Outcomes and mechanisms

Reported end-to-end speedups reach up to ~16× versus the authors’ CPU single-core PuReMD baseline for the water / amorphous silica benchmarks and hardware tested (abstract). The paper argues GPU acceleration of QEq and bond-order work is central to practical wall-clock throughput for large ReaxFF cells where sub-femtosecond timesteps make per-step cost dominate (abstract/introduction themes).

Comparisons

Correctness is anchored by agreement with a highly optimized CPU single-core PuReMD reference on the benchmark systems named in the abstract (energies/forces/integration behavior).

Sensitivity

Absolute speedups are hardware-dependent; temperature, cutoffs, and neighbor-list settings will move micro-benchmarks—N/A — full sensitivity tables not summarized on the indexed extract window (JCP article).

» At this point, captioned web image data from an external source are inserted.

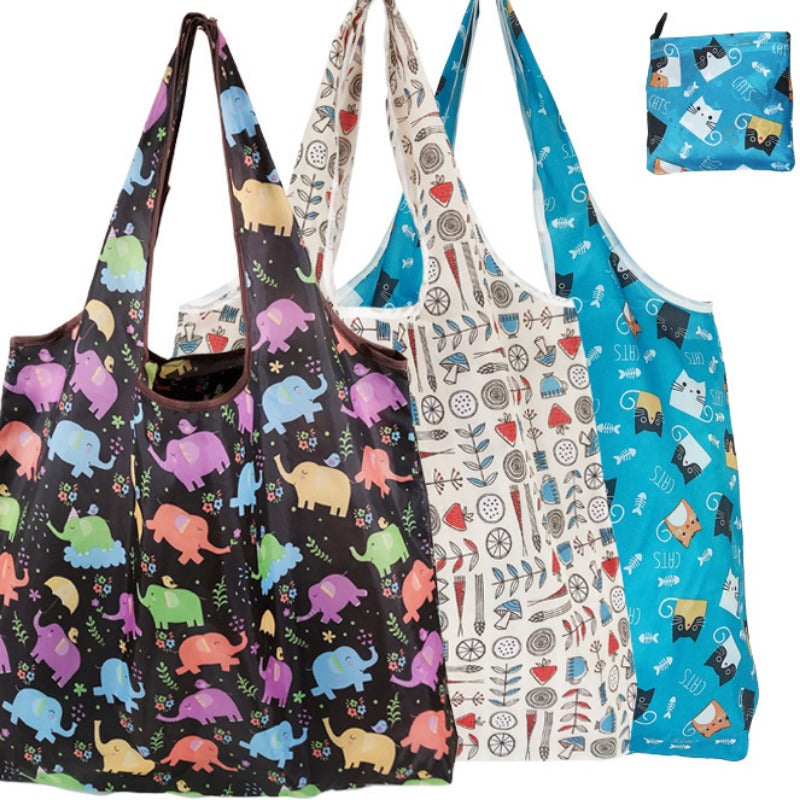 Foldable Shopper Bag Portable Eco Bag Large-Capacity Supermarket Shopping Tote Bags Women Shoulder Bag Household Products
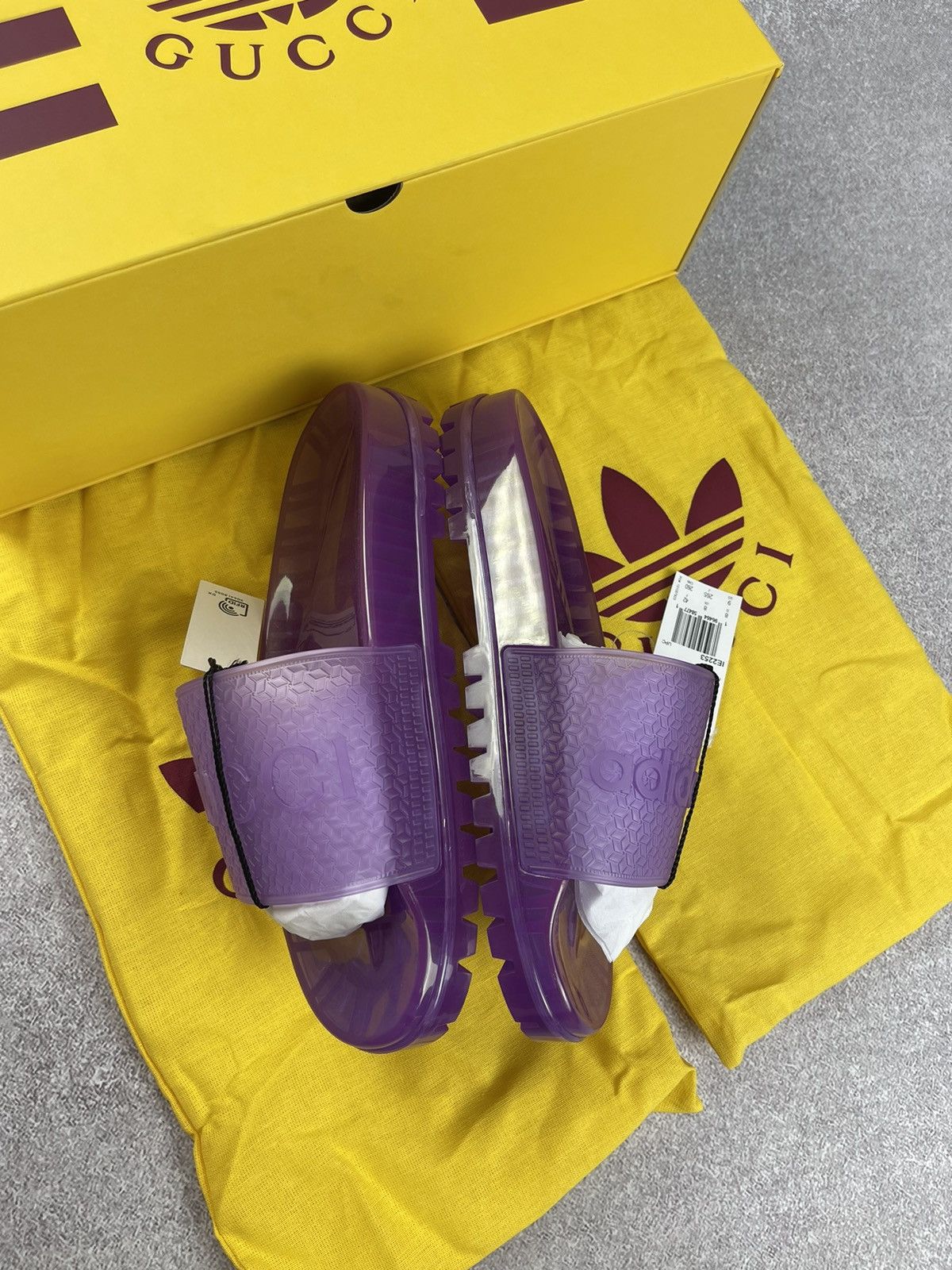 Adidas × Gucci Adidas x Gucci Rubber Slide Sandals Purple Size 42 Size US 9 / IT 39 - 5 Thumbnail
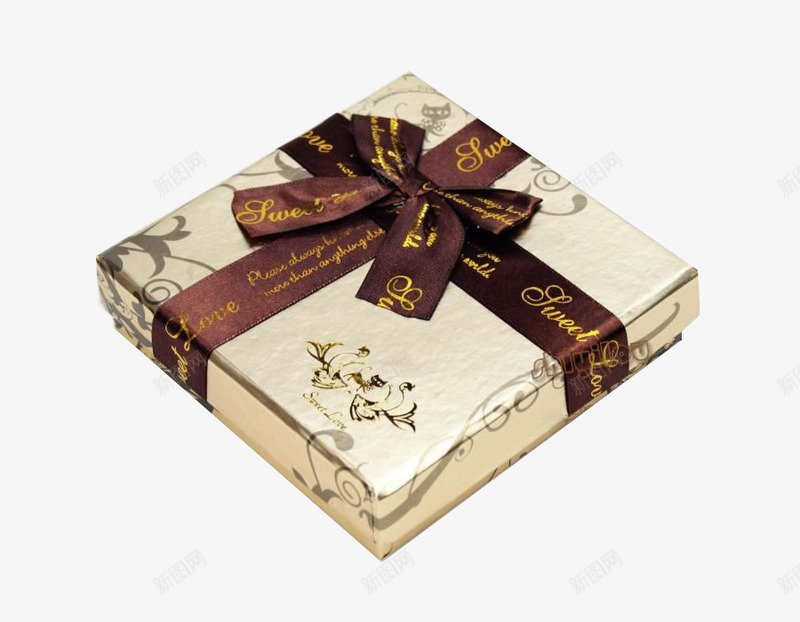 金色巧克力包装盒png免抠素材_新图网 https://ixintu.com 包装盒 巧克力 巧克力包装盒 空盒子 糖果 蝴蝶结金色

Limitations and corpus honesty

Code availability was on request at publication (abstract); modern deployments should verify licensing with maintainers (## Limitations). Numerical benchmark details should be read from papers/ReaxFF_others/PuReMD_GPU_2014.pdf, not extrapolated from this wiki note.

Limitations

Code availability was on request at publication; modern deployments should verify licensing and repository location with current PuReMD maintainers. GPU speedups depend on hardware, precision, and neighbor-list settings; reproduce benchmarks before claiming production throughput for a new cluster.

Reader notes (navigation)

Index this page under methods-software rather than application chemistry; it supports ReaxFF science indirectly by reducing wall-clock cost for large reactive cells.

Citations and evidence anchors

  • DOI 10.1016/j.jcp.2014.04.035 (article footer in extract).